— Available data —
* * *
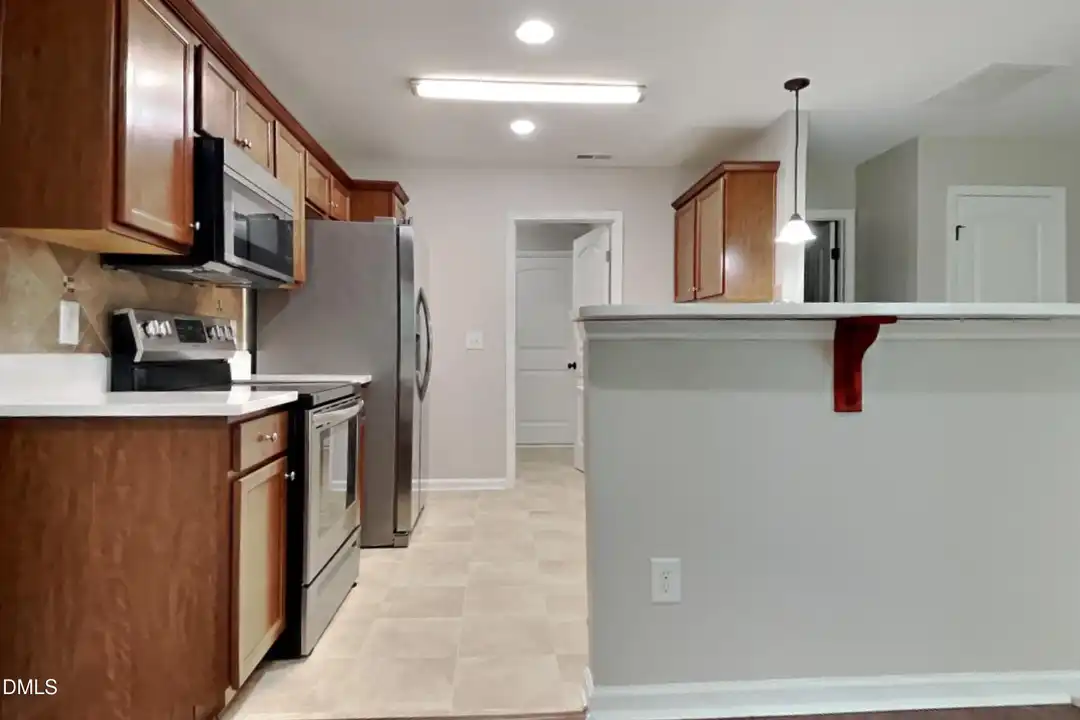31 Burr Oak Cir - View 5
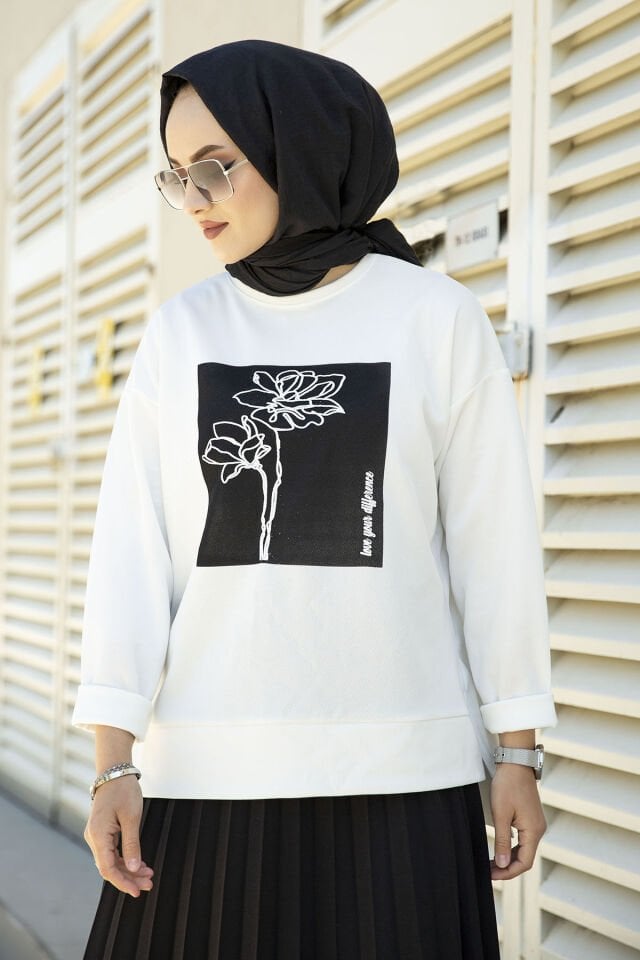 Rose Printed Slit Detailed Tunic Sweatshirt and Pleated Skirt Set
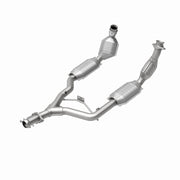 MagnaFlow Direct Fit Catalytic Converter 96-98 Ford Mustang 3.8L Magnaflow Catalytic Converter Direct Fit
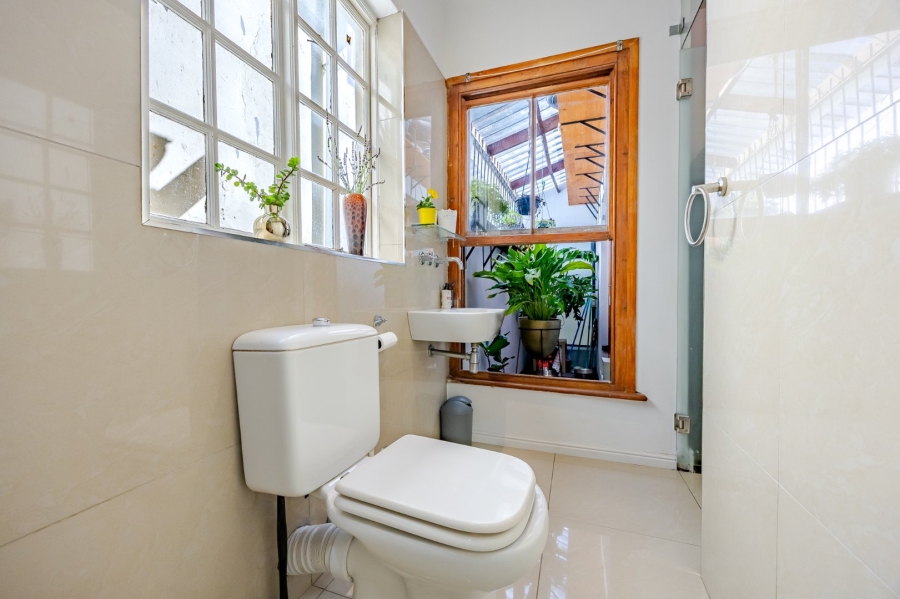 3 Bedroom Property for Sale in Woodstock Western Cape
* * *
— The problem —
What is needed is an exact copy of the lines from the line with "Rose Printed Slit" to the end of the data above, both included, without any pictures.

— Solved problem —
 Rose Printed Slit Detailed Tunic Sweatshirt and Pleated Skirt Set
 MagnaFlow Direct Fit Catalytic Converter 96-98 Ford Mustang 3.8L Magnaflow Catalytic Converter Direct Fit
 3 Bedroom Property for Sale in Woodstock Western Cape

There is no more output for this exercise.